EXERCISE OBJECTIVE:
When you reach the line holding "NSK - Cylindrical Roller Bearing Steel Cage", please begin to restate the lines word for word and continue through the last one in the material, excluding pictures.

STUDY MATERIAL:
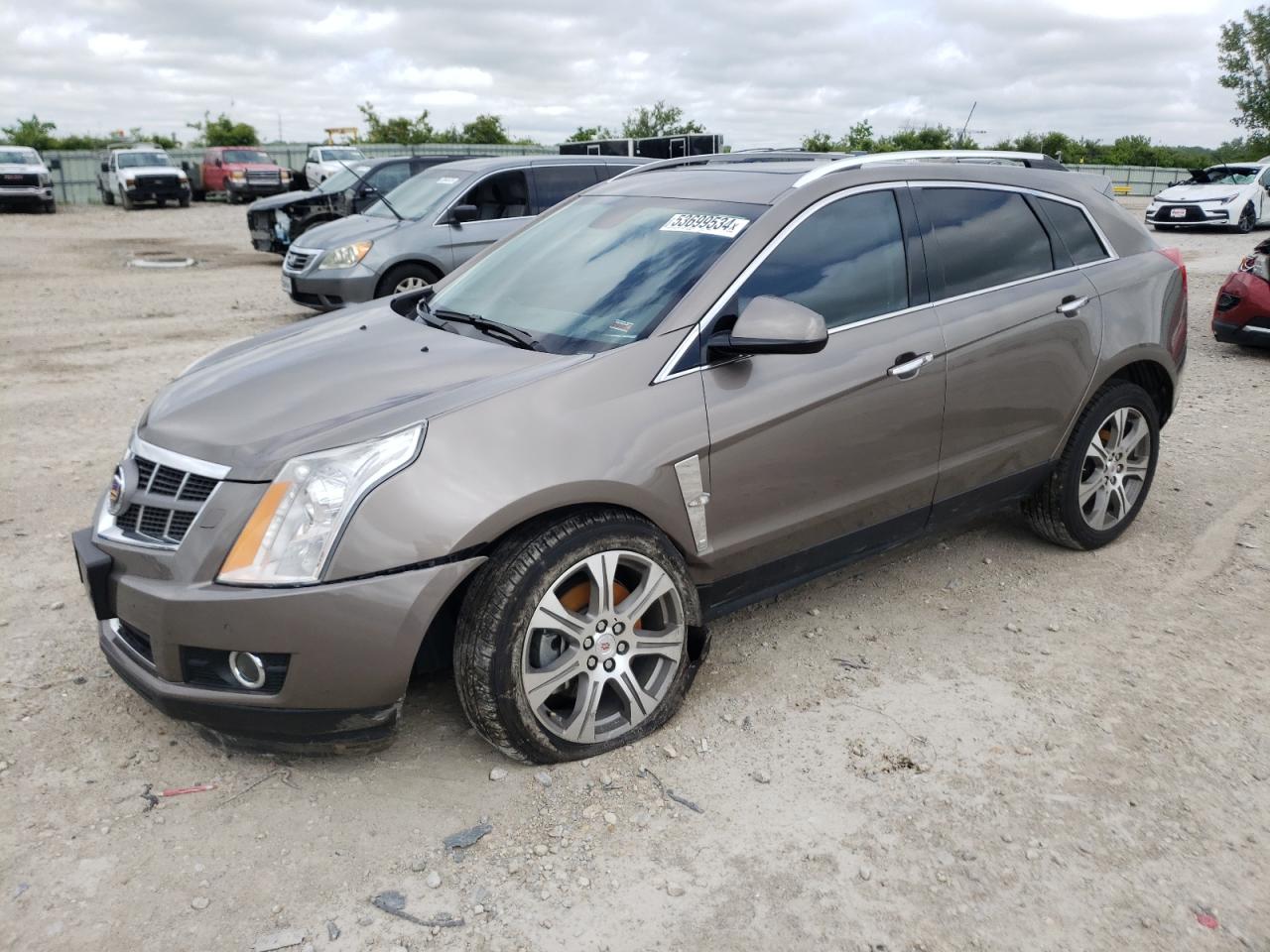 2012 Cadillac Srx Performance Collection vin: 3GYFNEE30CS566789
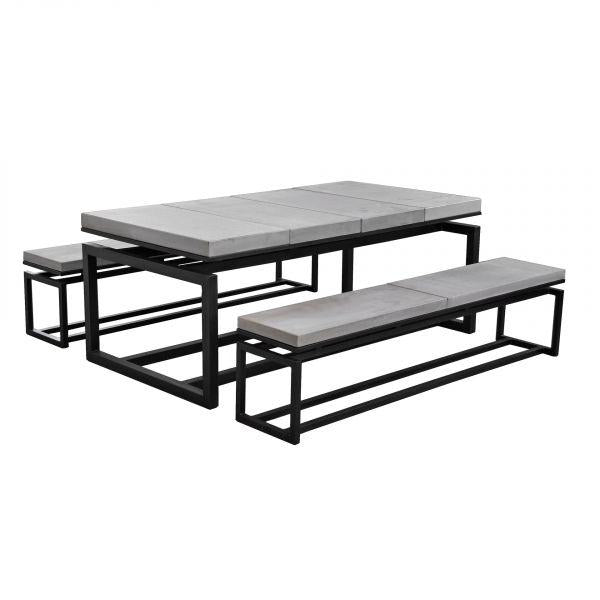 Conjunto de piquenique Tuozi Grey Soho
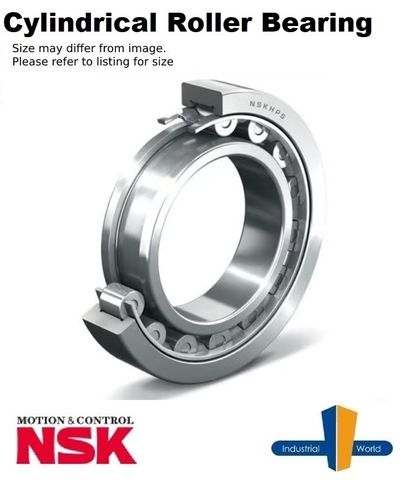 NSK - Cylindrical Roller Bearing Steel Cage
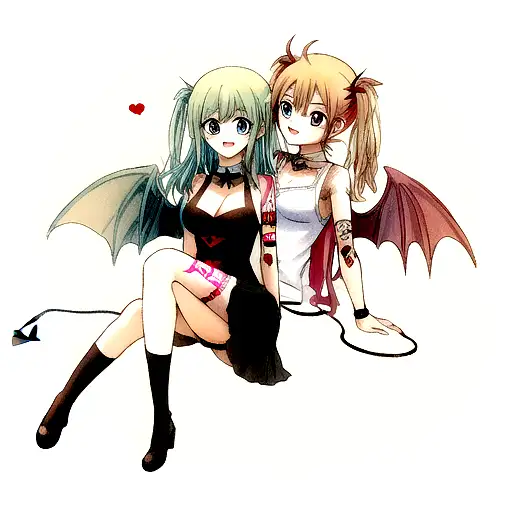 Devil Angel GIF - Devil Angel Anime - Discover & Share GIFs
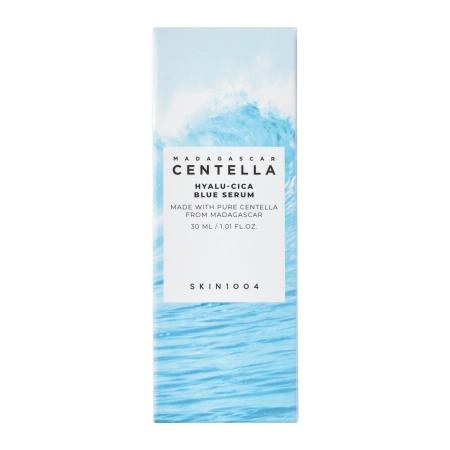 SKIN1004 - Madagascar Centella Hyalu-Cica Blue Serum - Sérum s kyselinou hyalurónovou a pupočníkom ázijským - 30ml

COMPLETED EXERCISE:
 NSK - Cylindrical Roller Bearing Steel Cage
 Devil Angel GIF - Devil Angel Anime - Discover & Share GIFs
 SKIN1004 - Madagascar Centella Hyalu-Cica Blue Serum - Sérum s kyselinou hyalurónovou a pupočníkom ázijským - 30ml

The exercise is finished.